- Born: Izabela Wagner 3 November 1964 (age 61) Wołów, near Wrocław, Poland
- Citizenship: Polish and French
- Spouse: Philippe Saffray ​(m. 1987)​
- Children: 2
- Scientific career
- Fields: Sociology; Ethnography; Music education;
- Institutions: Université Paris-Cité - URMIS - ICM Paris - Collegium Civitas Cooperative - University of Warsaw
- Thesis: La production sociale de violonistes virtuoses (2006)
- Doctoral advisor: Jean-Michel Chapoulie
- Doctoral students: Beata Kowalczyk (2018) - Mariusz Finkelstein (2019)
- Website: www.izabelawagner.com

= Izabela Wagner =

American cognitive scientist

Izabela Wagner-Saffray (born 3 November 1964) is a Polish-born European sociologist. Wagner was awarded the scientific title of Professor Belwederski by the President of the Republic of Poland in May 2023 and has been a full professor at Université Paris Cité since September 1, 2023. Wagner has been an associate professor at the Institute of Sociology at Collegium Civitas in Warsaw from December 2019 to August 2023. She is also a member of URMIS (Unité de Recherche Migrations et Société) Fellow at ICM (Institut Convergence Migration) in Paris since 2019. Her sociological research is concerned with migrations, exil of scientists, intellectuals, musicians (violin virtuosos).

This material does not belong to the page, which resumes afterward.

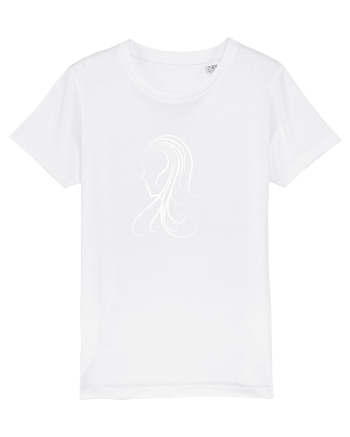 Profil in Alb White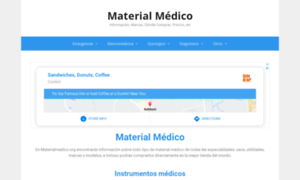 Materialmedico.org thumbnail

Wagner's contributions are also focused on the careers of artists and intellectuals, professional socialization and geographic mobility, migrations and forced-migrations.

==Early life and education==
Wagner was born on 3 November 1964 in Wołów, Poland, in a family of musicians (her father, Juliusz Karcz, is a compositor and her mother a music schools inspector). She began studying sociology at the School for Advanced Studies in the Social Sciences (EHESS) in Paris in 1996, and completed her Ph.D. there in 2006, defending the dissertation La production sociale de violonistes virtuoses ("Social Production of Virtuosos)" with Jean-Michel Chapoulie as her thesis advisor.

==Scientific work==
Wagner worked at the musical academia as a Jaques-Dalcroze method specialist, as assistant professor at the University of Music in Poznań, Poland in 1986–87, and at the Conservatory of Music in Nanterre, France in 1988 - 2001. Later since 2008 she worked at the Institute of Sociology - University of Warsaw.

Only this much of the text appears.